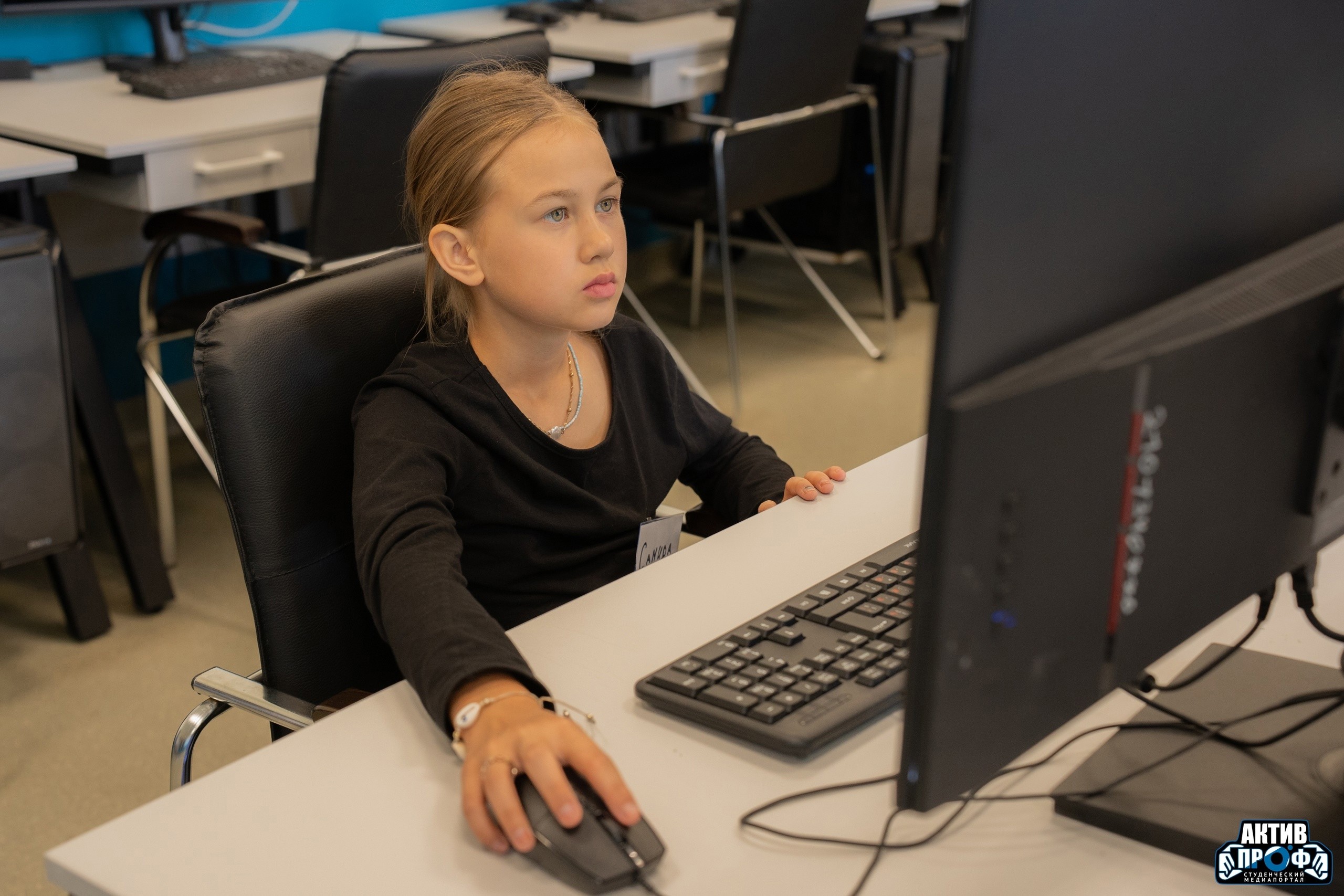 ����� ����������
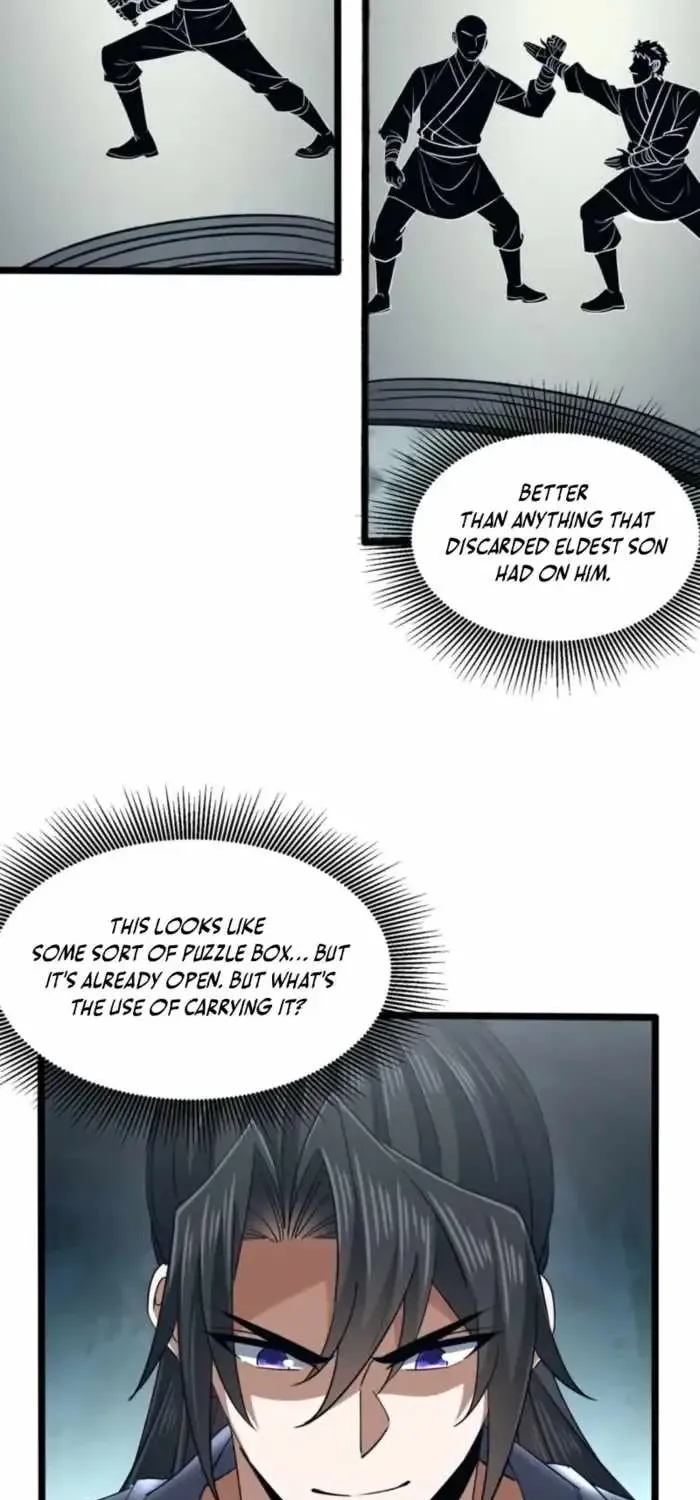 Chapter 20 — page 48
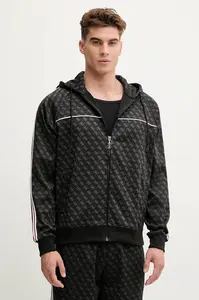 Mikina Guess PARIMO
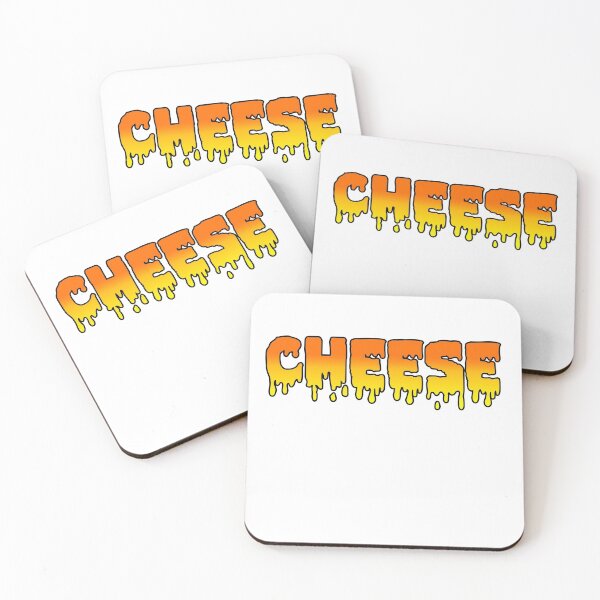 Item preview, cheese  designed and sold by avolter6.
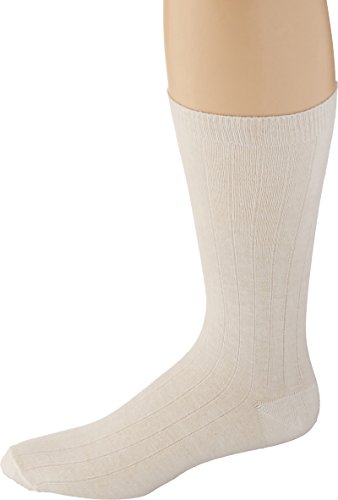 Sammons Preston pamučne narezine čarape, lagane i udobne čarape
+ + +
→ What you will do
When you copy the listing above, reproduce every line exactly and skip the images.

→ Response area
 ����� ����������
 Chapter 20 — page 48
 Mikina Guess PARIMO
 Item preview, cheese  designed and sold by avolter6.
 Sammons Preston pamučne narezine čarape, lagane i udobne čarape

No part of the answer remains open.